Different sampling strategies yield different microbial communities
The sampling strategies compared in this study (homogenizing tissue before subsampling and homogenizing tissue after subsampling) are common methods found in the literature for characterizing plant-associated microbial communities14,23,26,29. Procrustes analyses and community overlap between sampling strategies demonstrated that different strategies can capture disparate microbial communities within plants, with the extent of these differences depending on the community targeted and plant tissue type sampled. In FFE as well as bacterial and non-AM fungal communities in roots, subsamples from the same plant resulted in completely different sets of species recovered, illustrating the severe undersampling that is inherent to each of these strategies. With these sampling strategies, we are undoubtedly sacrificing power and accuracy to characterize the subtler aspects of plant microbiome interactions, despite often seeing community differences across landscapes, treatments or seasons.
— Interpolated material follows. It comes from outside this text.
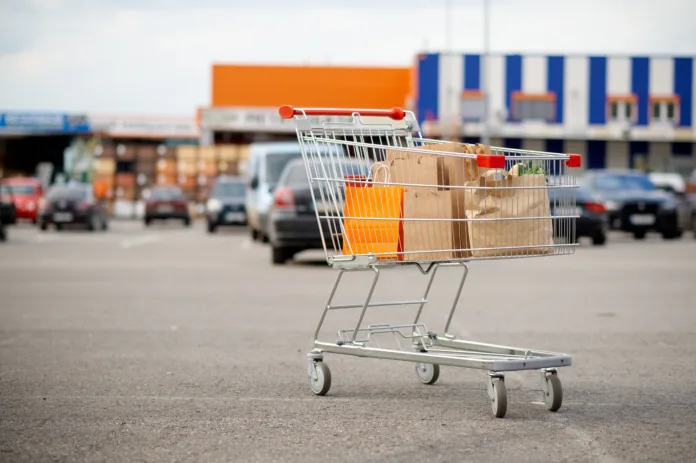 Carrinho de supermercado com compras no estacionamento, com veículos e fachada do mercado ao fundo. Ilustra matéria sobre decisão judicial que responsabiliza supermercado por danos em veículo no estacionamento.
Richness was higher when homogenizing before subsampling for bacteria only, despite differences observed in composition for all groups. It is perhaps surprising that homogenizing plant tissues before subsampling did not recover more species than homogenizing after subsampling for fungi as well, because with the former approach, more plant tissue is initially represented. Indeed, a previous study showed that sample pooling or homogenizing before subsampling resulted in a higher richness of soil fungi compared to equally sized individual samples50. In Song et al. (2015)50 they also found that multiple individual subsamples, rather than the single homogenized subsample, resulted in higher richness. This may suggest that the scale at which we are physically able to break down the particle size of plant tissues, as opposed to soil, is not always fine enough to sufficiently homogenize the fungi within. Because of this, plant-associated microbial communities may require a greater sampling effort than soil microbes. Additionally, the removal of low-abundant SVs did not result in differences in richness between the two sampling strategies for any microbial group, suggesting that neither strategy is better at capturing rare species. Although this study was performed only on milkweed plants, we believe that these results are applicable to other plant species as well. The richness reported here is similar to other studies of plant-associated microbes (e.g.51,52), indicating that differences in subsamples were not due to extreme richness of milkweed-associated microbes.
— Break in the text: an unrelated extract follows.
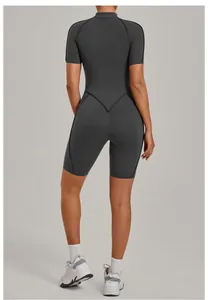 Back view of a grey women's high-performance yoga jumpsuit with a professional fit.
Microbial diversity should inform sampling effort
The higher congruency that we saw between sampling strategies for AMF compared to other microbial communities may be due to the differences in their local and global estimated richness. While the global number of AMF species has been estimated in the hundreds to low thousands42,53, global estimates of fungal species in general range in the millions54,55. A recent global estimate of bacterial richness suggests similar scales56. In this study specifically, AMF had the lowest total SV richness and the greatest similarity between sampling strategies, while foliar fungal endophytes had the highest SV richness, and the lowest overlap of SVs between strategies. Since the amount of tissue sampled was equal for all microbial communities, the sampling effort was likely much higher for AMF (relative to the whole AMF community), than it was for bacteria and non-AM fungi. Consequently, with each sample we are likely sampling a much larger proportion of true AMF species richness.
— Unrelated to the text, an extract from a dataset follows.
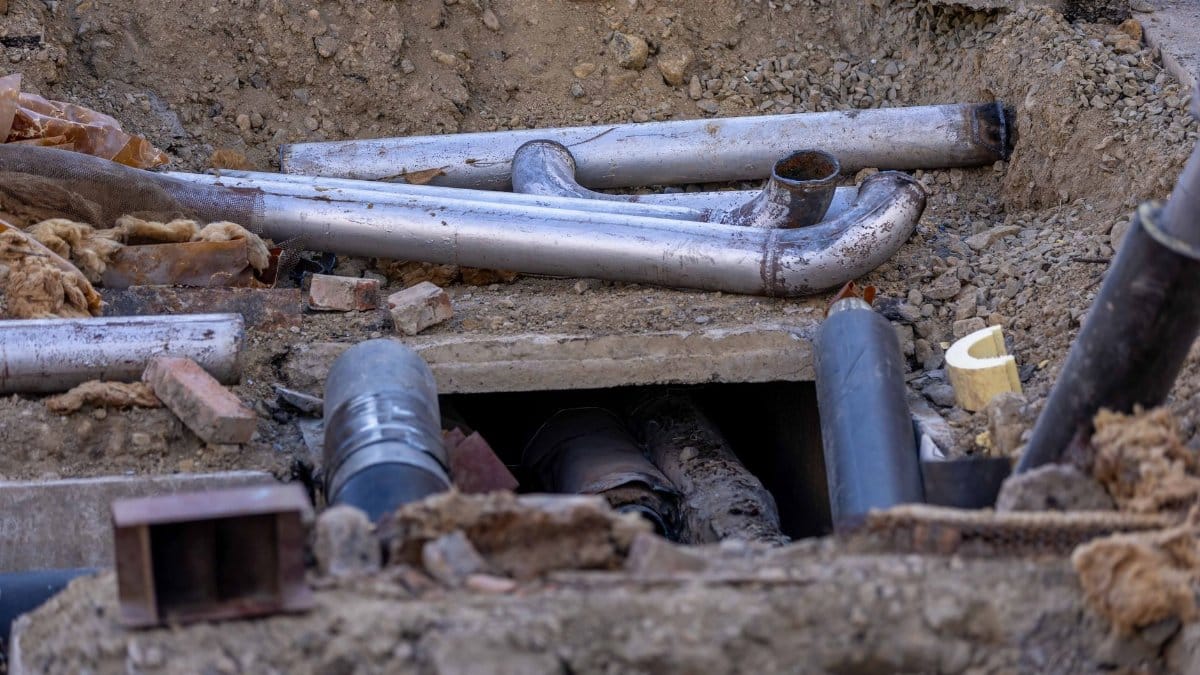 Close-up of urban pipe installation at a construction site, showing various pipes and materials.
Even though the estimated total community richness was highest for foliar fungi, the average estimated richness per individual plant was highest for AMF. This suggests that similar AMF SVs re-occurred across all plants with low species turnover. On the other hand, fungi in leaves had lower average richness per plant (Fig. 4, Supplementary Fig. S3), but the highest total richness, meaning that there was higher turnover of FFE species among plants sampled. These results may be a direct reflection of the overall community richness of the different microbial groups as well as their ability to spread and co-occur within plants. Based on these patterns, more individual plants and a greater sampling effort within individuals are likely needed to characterize FFE communities compared to AMF communities.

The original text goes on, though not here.